* INSTRUCTIONS TO FOLLOW
Copy out each line below in which the string "Connective" appears.

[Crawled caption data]
..............................

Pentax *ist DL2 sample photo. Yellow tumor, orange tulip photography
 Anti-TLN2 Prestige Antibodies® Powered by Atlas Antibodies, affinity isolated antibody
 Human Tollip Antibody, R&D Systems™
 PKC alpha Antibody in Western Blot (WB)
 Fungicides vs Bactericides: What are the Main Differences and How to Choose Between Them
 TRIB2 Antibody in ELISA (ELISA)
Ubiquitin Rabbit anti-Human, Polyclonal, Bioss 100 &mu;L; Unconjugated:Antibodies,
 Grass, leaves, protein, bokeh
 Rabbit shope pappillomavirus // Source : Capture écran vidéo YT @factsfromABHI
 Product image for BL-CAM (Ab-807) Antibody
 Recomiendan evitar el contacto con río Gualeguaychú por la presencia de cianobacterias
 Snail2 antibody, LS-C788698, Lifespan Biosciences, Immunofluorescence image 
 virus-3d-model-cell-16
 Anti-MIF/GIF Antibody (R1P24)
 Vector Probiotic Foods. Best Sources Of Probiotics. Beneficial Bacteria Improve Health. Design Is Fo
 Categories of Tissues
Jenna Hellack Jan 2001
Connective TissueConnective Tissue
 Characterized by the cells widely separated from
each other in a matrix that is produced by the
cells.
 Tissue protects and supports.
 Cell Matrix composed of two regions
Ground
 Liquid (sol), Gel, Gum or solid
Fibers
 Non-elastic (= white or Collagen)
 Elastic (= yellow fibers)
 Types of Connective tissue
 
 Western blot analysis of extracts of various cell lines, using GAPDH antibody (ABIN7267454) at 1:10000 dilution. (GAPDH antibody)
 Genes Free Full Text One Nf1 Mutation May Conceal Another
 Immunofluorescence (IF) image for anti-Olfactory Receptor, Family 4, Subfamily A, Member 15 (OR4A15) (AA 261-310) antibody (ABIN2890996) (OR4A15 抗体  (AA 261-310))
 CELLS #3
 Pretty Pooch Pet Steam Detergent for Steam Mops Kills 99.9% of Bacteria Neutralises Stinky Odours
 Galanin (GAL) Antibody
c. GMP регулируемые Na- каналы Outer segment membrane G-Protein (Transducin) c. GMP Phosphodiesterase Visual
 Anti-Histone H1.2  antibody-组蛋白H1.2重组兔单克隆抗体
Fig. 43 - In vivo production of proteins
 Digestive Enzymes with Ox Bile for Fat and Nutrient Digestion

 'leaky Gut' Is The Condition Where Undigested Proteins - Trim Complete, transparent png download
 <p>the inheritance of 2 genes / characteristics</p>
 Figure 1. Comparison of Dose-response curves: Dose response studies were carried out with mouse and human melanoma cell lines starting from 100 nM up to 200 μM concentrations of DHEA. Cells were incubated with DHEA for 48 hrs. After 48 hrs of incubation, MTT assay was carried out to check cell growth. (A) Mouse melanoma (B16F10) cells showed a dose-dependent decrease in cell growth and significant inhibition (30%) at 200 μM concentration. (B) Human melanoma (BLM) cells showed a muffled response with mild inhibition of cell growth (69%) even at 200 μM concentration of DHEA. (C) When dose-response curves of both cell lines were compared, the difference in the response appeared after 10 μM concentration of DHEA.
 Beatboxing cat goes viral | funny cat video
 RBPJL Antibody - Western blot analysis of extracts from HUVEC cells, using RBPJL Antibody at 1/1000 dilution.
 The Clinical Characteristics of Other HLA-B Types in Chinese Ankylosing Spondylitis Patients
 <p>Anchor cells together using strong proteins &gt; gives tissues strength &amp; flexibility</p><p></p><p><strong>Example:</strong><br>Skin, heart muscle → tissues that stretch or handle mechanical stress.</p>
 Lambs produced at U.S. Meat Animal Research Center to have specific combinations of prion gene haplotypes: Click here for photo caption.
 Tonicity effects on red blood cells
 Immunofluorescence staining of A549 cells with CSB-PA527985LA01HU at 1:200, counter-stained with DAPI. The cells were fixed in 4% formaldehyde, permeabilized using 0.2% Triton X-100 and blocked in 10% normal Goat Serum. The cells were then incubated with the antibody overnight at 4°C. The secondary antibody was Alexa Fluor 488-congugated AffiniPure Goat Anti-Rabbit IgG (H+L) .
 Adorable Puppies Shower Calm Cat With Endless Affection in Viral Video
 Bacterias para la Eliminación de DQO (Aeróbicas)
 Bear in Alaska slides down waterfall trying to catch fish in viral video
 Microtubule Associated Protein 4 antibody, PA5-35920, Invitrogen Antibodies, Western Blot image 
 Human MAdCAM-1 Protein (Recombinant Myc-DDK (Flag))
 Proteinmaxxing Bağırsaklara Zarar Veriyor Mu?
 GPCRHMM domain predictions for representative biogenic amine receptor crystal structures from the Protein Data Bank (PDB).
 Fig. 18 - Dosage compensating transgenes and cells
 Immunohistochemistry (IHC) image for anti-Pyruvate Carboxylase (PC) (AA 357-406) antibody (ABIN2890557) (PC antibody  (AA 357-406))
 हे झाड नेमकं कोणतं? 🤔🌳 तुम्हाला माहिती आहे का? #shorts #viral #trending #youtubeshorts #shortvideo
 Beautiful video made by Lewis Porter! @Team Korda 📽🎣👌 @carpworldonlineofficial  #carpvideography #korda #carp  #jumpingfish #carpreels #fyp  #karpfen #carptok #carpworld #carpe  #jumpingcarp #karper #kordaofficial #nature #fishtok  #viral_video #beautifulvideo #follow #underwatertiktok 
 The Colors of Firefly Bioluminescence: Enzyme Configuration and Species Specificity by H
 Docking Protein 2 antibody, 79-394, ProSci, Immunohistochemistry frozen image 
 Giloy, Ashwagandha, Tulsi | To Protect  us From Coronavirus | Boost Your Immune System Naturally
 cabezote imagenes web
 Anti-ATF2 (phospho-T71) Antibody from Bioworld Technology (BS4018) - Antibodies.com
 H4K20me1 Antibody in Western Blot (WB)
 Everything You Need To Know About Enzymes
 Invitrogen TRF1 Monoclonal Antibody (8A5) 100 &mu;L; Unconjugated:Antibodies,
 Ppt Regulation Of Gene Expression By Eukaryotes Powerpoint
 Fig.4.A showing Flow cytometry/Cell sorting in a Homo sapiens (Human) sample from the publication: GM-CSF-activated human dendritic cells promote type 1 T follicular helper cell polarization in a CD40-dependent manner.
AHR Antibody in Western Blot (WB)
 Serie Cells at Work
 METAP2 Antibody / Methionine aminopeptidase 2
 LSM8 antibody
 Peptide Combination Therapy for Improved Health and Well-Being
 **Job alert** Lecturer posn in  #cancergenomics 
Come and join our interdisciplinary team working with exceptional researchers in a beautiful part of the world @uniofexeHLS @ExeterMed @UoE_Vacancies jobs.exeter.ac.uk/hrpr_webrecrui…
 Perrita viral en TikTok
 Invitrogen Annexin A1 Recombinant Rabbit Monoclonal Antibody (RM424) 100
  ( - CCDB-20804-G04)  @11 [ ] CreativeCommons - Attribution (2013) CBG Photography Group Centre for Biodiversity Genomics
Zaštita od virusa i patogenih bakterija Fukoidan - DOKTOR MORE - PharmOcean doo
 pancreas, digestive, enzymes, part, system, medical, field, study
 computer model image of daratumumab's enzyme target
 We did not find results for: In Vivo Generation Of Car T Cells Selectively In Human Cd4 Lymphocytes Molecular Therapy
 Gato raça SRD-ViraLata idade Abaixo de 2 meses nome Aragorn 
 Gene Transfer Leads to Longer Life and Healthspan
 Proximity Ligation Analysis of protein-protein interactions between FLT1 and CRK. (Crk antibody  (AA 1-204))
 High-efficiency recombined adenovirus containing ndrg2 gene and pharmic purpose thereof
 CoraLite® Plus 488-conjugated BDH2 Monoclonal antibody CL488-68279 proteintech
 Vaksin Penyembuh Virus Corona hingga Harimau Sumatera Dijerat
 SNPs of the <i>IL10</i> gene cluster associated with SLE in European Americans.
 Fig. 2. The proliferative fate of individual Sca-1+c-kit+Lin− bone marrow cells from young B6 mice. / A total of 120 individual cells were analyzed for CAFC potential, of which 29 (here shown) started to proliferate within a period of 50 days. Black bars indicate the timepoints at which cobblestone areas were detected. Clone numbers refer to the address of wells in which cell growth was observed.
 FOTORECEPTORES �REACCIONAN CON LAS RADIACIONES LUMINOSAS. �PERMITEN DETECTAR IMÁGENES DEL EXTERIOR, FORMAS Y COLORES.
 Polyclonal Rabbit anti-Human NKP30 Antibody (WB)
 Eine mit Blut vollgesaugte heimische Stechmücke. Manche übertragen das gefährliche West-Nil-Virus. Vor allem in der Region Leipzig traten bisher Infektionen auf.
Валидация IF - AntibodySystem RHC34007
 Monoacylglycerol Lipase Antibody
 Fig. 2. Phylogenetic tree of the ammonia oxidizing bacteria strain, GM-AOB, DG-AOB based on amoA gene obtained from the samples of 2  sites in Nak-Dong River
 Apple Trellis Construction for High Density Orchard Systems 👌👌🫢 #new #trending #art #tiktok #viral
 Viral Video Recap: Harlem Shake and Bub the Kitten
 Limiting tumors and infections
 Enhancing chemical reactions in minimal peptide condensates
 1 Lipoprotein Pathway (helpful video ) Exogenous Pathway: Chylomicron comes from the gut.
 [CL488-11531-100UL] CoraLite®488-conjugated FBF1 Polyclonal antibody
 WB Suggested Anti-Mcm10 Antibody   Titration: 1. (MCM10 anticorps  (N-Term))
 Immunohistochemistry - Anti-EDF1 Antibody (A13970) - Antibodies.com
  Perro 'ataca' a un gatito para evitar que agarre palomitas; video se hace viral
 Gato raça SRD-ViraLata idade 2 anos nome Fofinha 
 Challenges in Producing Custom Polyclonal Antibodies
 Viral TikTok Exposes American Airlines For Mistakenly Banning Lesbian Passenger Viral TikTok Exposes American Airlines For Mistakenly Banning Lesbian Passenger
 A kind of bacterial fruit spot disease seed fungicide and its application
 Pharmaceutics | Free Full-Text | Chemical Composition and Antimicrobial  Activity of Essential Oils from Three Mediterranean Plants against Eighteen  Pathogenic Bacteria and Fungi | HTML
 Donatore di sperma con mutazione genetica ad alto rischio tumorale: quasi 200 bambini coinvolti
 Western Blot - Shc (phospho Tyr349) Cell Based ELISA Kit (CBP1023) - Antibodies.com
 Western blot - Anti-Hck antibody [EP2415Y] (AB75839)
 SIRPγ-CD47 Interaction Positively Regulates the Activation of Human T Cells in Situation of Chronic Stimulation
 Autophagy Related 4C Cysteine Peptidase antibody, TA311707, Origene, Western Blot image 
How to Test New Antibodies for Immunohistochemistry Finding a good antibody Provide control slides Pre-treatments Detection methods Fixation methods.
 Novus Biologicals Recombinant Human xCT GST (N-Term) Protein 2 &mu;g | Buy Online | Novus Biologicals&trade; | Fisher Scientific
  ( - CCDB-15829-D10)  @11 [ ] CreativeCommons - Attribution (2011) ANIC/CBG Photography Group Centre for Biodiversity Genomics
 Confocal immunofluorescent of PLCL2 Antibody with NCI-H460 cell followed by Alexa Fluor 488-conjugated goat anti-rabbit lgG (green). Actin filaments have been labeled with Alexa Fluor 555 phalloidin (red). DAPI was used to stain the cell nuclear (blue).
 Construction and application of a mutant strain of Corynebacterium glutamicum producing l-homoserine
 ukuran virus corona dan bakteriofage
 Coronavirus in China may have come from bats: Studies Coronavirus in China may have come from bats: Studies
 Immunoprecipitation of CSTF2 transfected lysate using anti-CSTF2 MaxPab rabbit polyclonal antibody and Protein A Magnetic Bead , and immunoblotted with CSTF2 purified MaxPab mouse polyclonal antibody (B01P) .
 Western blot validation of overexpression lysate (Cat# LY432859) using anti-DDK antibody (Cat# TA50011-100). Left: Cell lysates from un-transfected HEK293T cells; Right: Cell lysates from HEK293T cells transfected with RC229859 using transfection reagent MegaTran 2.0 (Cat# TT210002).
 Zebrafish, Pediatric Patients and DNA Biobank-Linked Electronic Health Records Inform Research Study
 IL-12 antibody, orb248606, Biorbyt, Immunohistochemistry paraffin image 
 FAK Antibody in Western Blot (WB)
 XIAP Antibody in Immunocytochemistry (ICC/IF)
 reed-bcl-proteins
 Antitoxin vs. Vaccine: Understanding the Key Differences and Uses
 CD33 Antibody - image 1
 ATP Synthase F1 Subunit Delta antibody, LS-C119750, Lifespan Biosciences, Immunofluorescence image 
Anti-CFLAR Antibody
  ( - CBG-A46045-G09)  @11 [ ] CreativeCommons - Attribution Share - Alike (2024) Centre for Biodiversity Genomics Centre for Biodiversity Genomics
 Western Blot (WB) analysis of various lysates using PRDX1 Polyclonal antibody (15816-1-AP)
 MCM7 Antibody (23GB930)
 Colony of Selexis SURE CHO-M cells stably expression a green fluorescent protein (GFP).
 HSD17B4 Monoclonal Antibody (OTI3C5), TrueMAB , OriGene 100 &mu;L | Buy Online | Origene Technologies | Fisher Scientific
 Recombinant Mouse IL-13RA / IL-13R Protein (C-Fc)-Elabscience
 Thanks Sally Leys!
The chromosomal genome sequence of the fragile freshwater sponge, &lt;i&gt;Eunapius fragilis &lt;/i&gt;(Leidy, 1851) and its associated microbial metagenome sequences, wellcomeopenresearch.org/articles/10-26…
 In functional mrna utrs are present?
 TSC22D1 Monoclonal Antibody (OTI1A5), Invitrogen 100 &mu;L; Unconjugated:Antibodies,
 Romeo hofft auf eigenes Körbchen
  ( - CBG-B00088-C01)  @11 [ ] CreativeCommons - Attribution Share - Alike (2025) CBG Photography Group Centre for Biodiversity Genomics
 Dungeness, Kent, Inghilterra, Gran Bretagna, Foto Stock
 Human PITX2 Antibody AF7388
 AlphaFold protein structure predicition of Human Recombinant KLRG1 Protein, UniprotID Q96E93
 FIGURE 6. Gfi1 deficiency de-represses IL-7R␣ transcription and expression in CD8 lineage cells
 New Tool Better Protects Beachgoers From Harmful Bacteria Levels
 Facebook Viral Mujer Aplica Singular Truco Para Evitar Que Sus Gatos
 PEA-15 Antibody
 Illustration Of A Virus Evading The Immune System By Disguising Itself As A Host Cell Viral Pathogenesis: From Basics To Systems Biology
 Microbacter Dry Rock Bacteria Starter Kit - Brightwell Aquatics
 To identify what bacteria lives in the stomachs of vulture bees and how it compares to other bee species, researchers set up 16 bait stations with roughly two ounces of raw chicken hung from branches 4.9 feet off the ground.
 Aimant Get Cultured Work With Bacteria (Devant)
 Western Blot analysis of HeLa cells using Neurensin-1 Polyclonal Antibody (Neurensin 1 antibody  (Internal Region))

..............................

* EXPECTED ANSWER
Connective TissueConnective Tissue
 Types of Connective tissue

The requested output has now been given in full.